Hands to shake, girls twirling their skirts, guests to welcome, the lonely to hug, workers to encourage. Easter dinner with family, warm fellowship, laughter, remembering, observing grief of loss loved ones together, being.
Any sane person would have let it at that. Perhaps I should have.
And yet. Although it would have been easy to skip the Sunday night Bible study for women in addiction recovery, something told me that would be passing up an opportunity I didn't want to miss. Bible studies teach themselves on Resurrection Sunday, as people yearn for the details of Christ's death and the story of the empty tomb. On at least this one day of the year, they want to know what it means to them. And, of course it means everything. New life. The old has gone. The new has come!
So I went, laboring over the story with enthusiasm, engaging them as if we were there, reading John's account with excitement and joy. As my voice began to strain from all the speaking, my heart threatened to give way as well. Two of the women who have been a vital part of our study, engaged, attentive, those in whom Jesus appeared to be doing something so beautiful, ditched the whole recovery program. Without a goodbye. These are the times I feel betrayed, when my heart begins to question what God is doing there. Although I knew better, I wanted to punch a wall. My love for them made me feel like my heart might explode, and I wanted to run from the brokenness of it all.
You see, while you were enjoying your Easter, dressing up in your Sunday best, doing Easter-like things and enjoying yourself, hopefully remembering Resurrection Day—others were wondering how they will go on at all.
People were running back to the addictions that destroyed them. They were crying over failed marriages, wondering how they will pay their rent this month, begging God to bring them a job, wondering what they will do about an unplanned pregnancy.
I guess I never thought about this before getting involved in the middle of the mess; now I think about it all the time.
As I went to bed last night under a cloud of grief, I couldn't even name what I would need today to allow my spirit to be restored. It turns out what I needed most, more than anything, was a simple time of communing with God. In the book Celebration of Discipline, we are studying Christian meditation and the power of Christ transforming us in these silent, surrendered places.
And so this morning I practiced the simple exercise of holding my hands down, as I tearfully released all those persons and situations in which my heart aches for resolution and grace to prevail. The tension began to drain as I slowly let go. Hands up, I received the grace of our Savior, asking for his empowerment in every area of my life I could think of, accepting his sufficiency and the empowerment the Holy Spirit gives to each of His children.

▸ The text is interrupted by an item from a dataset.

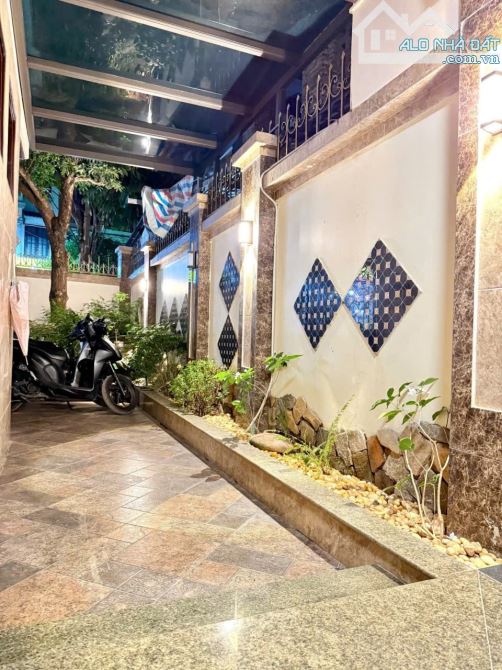 BÁN NHANH BIỆT THỰ ĐƯỜNG HOÀNG QUỐC VIỆT 120M MT 10M 4 TẦNG CĂN GÓC 2 MẶT TIỀN VỈA HÈ 58 T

The key thing is this—I received.
No one can force this newness of life on those who insist on clinging to the old, but it is available all the same. And that is the only truth that allows me to let go. It's been a bumpy Easter, but today my soul is being fed, nurtured, watered. And finally, strengthened. That is the only place—this quiet, surrendered place—from which new life and hope can come again.
Do you practice Christian meditation? How does reflecting on God change your heart, your outlook, and your life?